Enquiry about object: 5196
Rare Malay Carved Horn & Wood Fire Strikers (Gobek Api)
Malay People, Malay Peninsula, Malaysia late 19th century
lengths: 8.5cm-12.6cm
Provenance
collected by Alwyn Sidney Haynes (1878-1963), and thence by descent. Haynes was a colonial administrator in Malaya and the Straits Settlements between 1901 and 1934. He held many posts including Acting British Resident, Pahang (1924); British Resident, Perak (1925); British Advisor, Kedah (1925); British Advisor, Kelantan (1930); and Acting Colonial Administrator, Straits Settlements (1933), after which he retired and returned to England, and lived near Stratford-upon-Avon, and then in Leamington Spa. Haynes loaned some of the items he collected in Malaya to the Pitt Rivers Museum in Oxford in 1939. He was awarded an Order of the British Empire (OBE) in 1950.

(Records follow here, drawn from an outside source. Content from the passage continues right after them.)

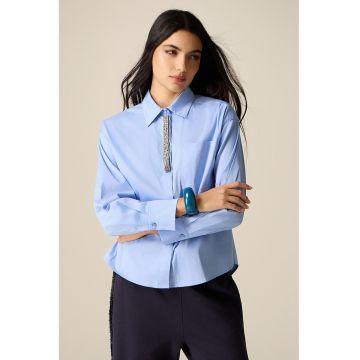 Camasa regular fit cu buzunar pe piept - Albastru pastel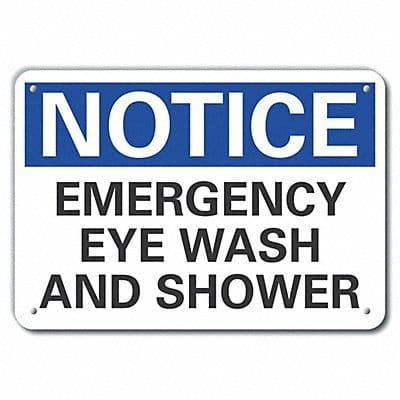 Alum Eye Wash/Shower Notice Sign 10x14in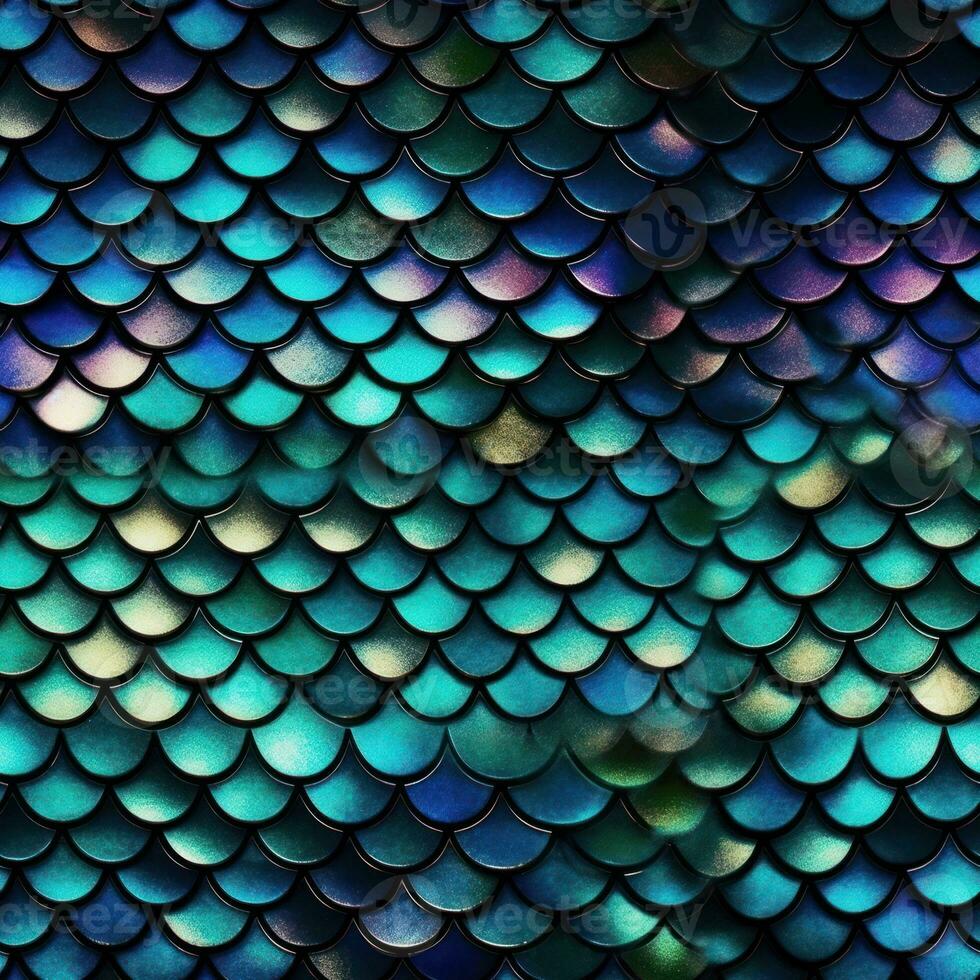 Glistening Fish Scales in Geometric Pattern Generative AI photo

Each of these rare Malay fire strikers known as a gobek api is made of carved and turned horn (the darker examples) and wood (the lighter example). Each has a stupa-type shape and comprises two parts – a chamber and a pumping spindle with a handle.
Wealthy Malay men would carry such a device with them to light their cheroot of rolled tobacco in a leaf (rokok daun). The gobek api ingeniously functioned as something like a vacuum pump with the fire being obtained via air compression. Friction from vigorous pumping action would light the thin wad of cotton wound around the tip of the spindle and this would then be used to light the cheroot.
Related examples are illustrated in Noor & Khoo (2003, p. 105).
The four here are in fine condition and each has superb patina.
References
Noor, F. & E. Khoo, Spirit of Wood: The Art of Malay Woodcarving, Periplus, 2003.